1. before running, you need to install the following package or tools.

Pytorch 1.7.1, Python 3.6.12, Numpy 1.19.5, Matplotlib 3.3.3, Cooltools 0.4.1, Fanc 0.9.24, Jupyter 1.0.0, Pandas 1.1.5, pyBigWig 0.3.18, seaborn 0.11.1.

intall conda and create the virtual environment.

download the Anaconda3-2020.07-Linux-x86_64.sh file from https://repo.anaconda.com/archive/

bash Anaconda3-2020.07-Linux-x86_64.sh

conda create --name pytorch1.7.1 python=3.7

intall packages using pip

pip install flask

pip install numpy

pip install torch torchvision torchaudio --index-url https://download.pytorch.org/whl/cpu

pip install matplotlib

pip install seaborn

pip install hdbscan

2. run the web server version

When the environment is prepared, you can downlaod the TOAST-webserver.zip, and just run the webserver.py using the following code:

conda activate pytorch1.7.1

python webserver.py

visit the web linker: http://127.0.0.1:5000

3. prepare data

you can download the simulated Hi-C contact from paper "Forcato, M. et al.
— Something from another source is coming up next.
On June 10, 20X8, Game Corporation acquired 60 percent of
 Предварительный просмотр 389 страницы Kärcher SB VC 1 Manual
Comparison of computational methods for Hi-C data analysis. Nature methods 14, 679-685 (2017)."

you can download the real Hi-C data of GM12878 cell line with GEO ID GSE63525 is provided by the Rao Lab.
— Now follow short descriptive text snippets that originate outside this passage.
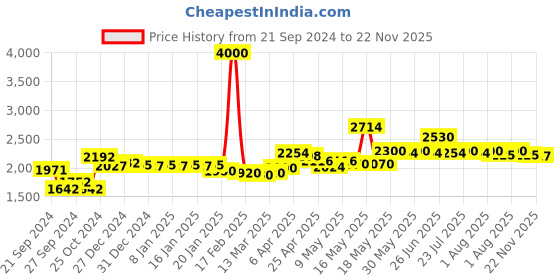 myntra.com La Trove Grey Regular Makeup Organiser la trove Price History Graph from 21 Sep 2024 to 22 Nov 2025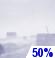 This Afternoon: Chance Light Snow And Patchy Blowing Snow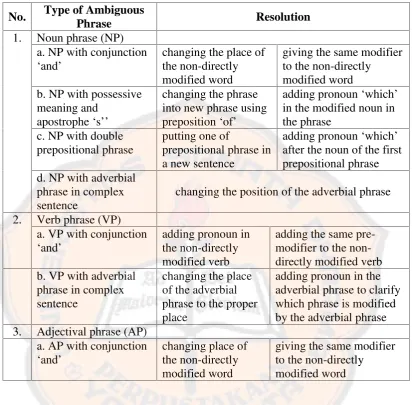 Table 4.2 Ambiguous Phrase Found in the Fan-fiction and Its Resolution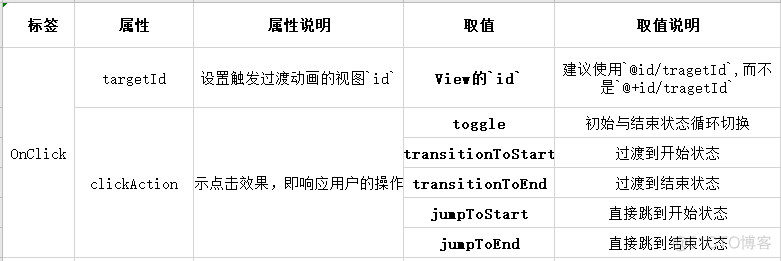 ios 约束位移动画 约束动画有哪些类型_移动开发_04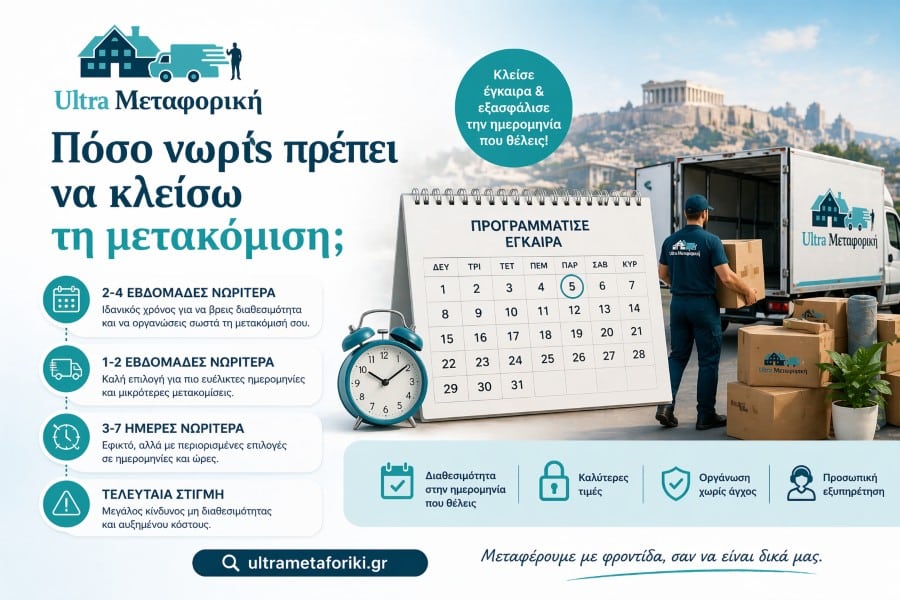 Πότε να κλείσω μετακόμιση με επαγγελματική μεταφορική εταιρεία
For .hic format data, you can dump data using juicer_tools.js and get the NxN matrix, where N is the number of equal-sized regions of a chromosome.

in this paper, we use the NxN format matrix as input.

4. Content of folders

call codes for identifying, ploting, and evaluating TADs.
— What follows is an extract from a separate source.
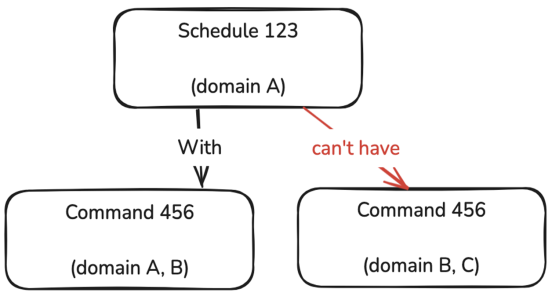 Domain rule example two.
5. Input matrix file format:

The input to CASPIAN is a tab seperated N by N intra-chromosomal contact matrix derived from Hi-C data, where N is the number of equal-sized regions of a chromosome.

6. output

the output is the TAD file at the merge file.

running

enter the /src folder, you can do the following process: (1)toast.py: run to get and plot TADs. you can run it by justing changing the input and output folder.

(2)plot_heatmaps.py: plot heatmaps for all TADs

(3)evaulate_TAD.py:evalute TADs

(4)evaulate_TAD-simnarity.py: compare the similarity between TADs.

(5)evaluate-achor-count.py:compute the anchor count for Chip-seq factors.

(6)plot_TAD_markers.py: plot the CHip-seq tracks.

(7)plot-man-figures.py: plot figures in this paper.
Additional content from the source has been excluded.